Any suggestion, help would be greatly appreciated.

MiscBits
Posts: 149
Joined: Wed Jan 27, 2021 12:48 pm

Re: Pi-Zero Random Hang issue

Mon Apr 05, 2021 2:01 pm

I would add a little script to output the date / time to a file and see if that works during the hang - do not get it to do anything else.

If you have a new O/S image, try running the date / time script with no other software running to see if it's a hardware issue or a code issue to start with.

User avatar
neilgl
Posts: 3032
Joined: Sun Jan 26, 2014 8:36 pm
Location: Near The National Museum of Computing

Re: Pi-Zero Random Hang issue

Mon Apr 05, 2021 4:49 pm

Are they actually Pi Zero devices or [b]Pi Zero W[/b] devices?

Navaneetha
Posts: 11
Joined: Mon Apr 05, 2021 9:31 am

Re: Pi-Zero Random Hang issue

Mon Apr 05, 2021 5:17 pm

Its Pi zero with Wireless and Bluetooth.

User avatar
thagrol
Posts: 4653
Joined: Fri Jan 13, 2012 4:41 pm
Location: Darkest Somerset, UK
Contact: Website

Re: Pi-Zero Random Hang issue

Mon Apr 05, 2021 5:31 pm

You mention you're zeros are sendign data to the cloud.

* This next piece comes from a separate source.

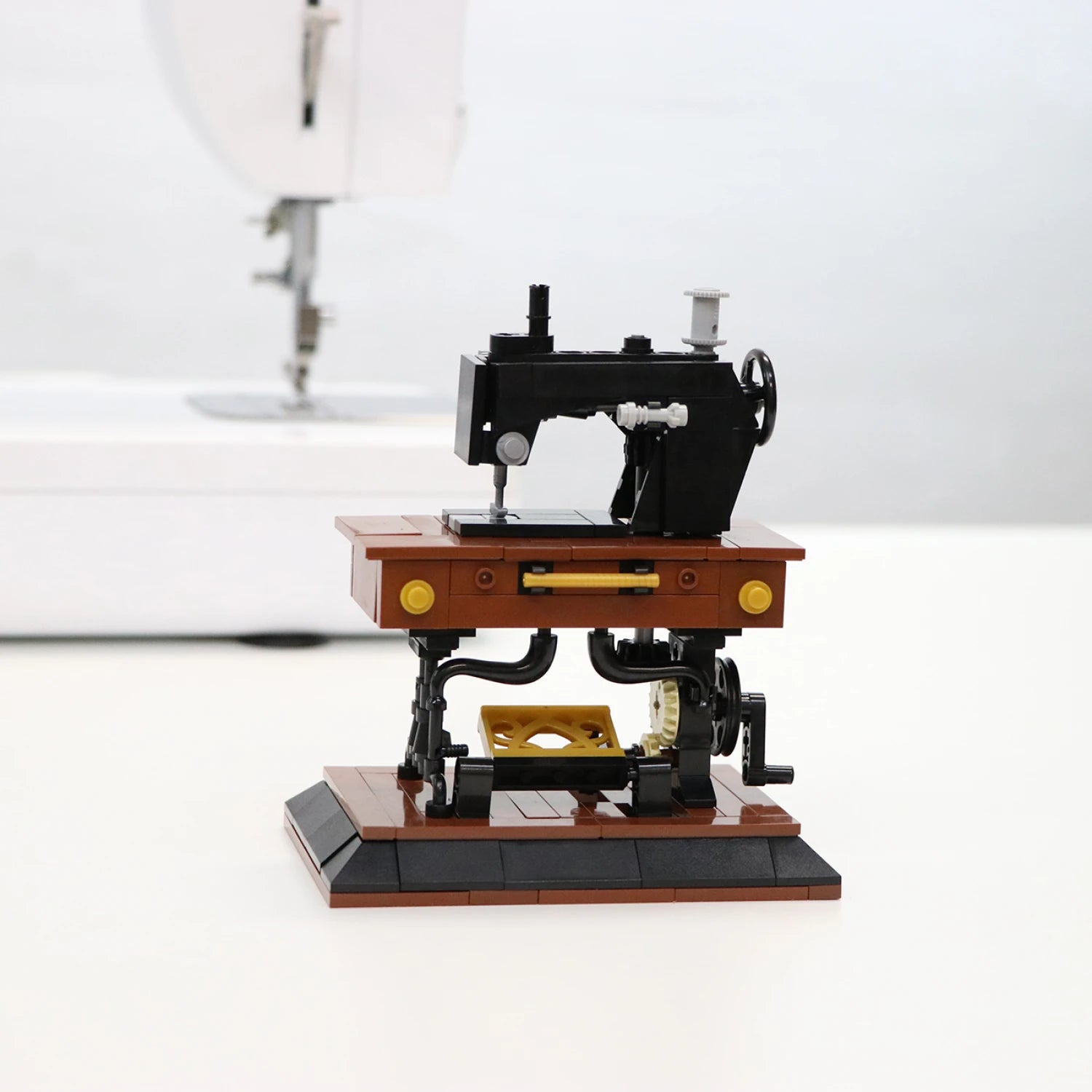 LEGO model of a vintage sewing machine on a white background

By "cloud" do you mean a server somewhere on the internet or a server on teh same network as the zeros?

Does the end of the hang match the scheduled reboot time?

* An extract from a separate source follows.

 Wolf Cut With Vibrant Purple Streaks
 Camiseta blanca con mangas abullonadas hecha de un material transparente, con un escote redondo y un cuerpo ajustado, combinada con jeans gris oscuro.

Is it possible the problem is external to the zeros? Is their network or internet connection going down?
I'm a volunteer. Take me for granted or abuse my support and I will walk away

All advice given is based on my experience. it worked for me, it may not work for you.
Need help? https://github.com/thagrol/Guides

Navaneetha
Posts: 11
Joined: Mon Apr 05, 2021 9:31 am

Re: Pi-Zero Random Hang issue

Tue Apr 06, 2021 4:59 am

It is internet server.
Device doesn't reboot. Checked the logs.It just freeze for 1 hour and come back to alive.
I can safely rule out network issue, because its deployed in different locations, and there is a simple script in corntab, which runs every min and logs. during the freeze period, logs are missing.

To some extent I can rule out hardware issue. It can't be consistent 1 hour problem.
There is a pattern of 1 hour, which I couldn't able to understand. Network and hardware issues will be random in nature.

Navaneetha
Posts: 11
Joined: Mon Apr 05, 2021 9:31 am

Re: Pi-Zero Random Hang issue

Tue Apr 06, 2021 7:23 am

MiscBits wrote:
Mon Apr 05, 2021 2:01 pm
I would add a little script to output the date / time to a file and see if that works during the hang - do not get it to do anything else.

If you have a new O/S image, try running the date / time script with no other software running to see if it's a hardware issue or a code issue to start with.

Will try your suggestion. However the occurrence of issue is random in nature, 2-3 times in a day to once in 15 days.

User avatar
thagrol
Posts: 4653
Joined: Fri Jan 13, 2012 4:41 pm
Location: Darkest Somerset, UK
Contact: Website

Re: Pi-Zero Random Hang issue

Tue Apr 06, 2021 11:44 am

The zero has a single core CPU. Is there anything running on those machines that could be using all availble CPU time thus stopping other processes from running?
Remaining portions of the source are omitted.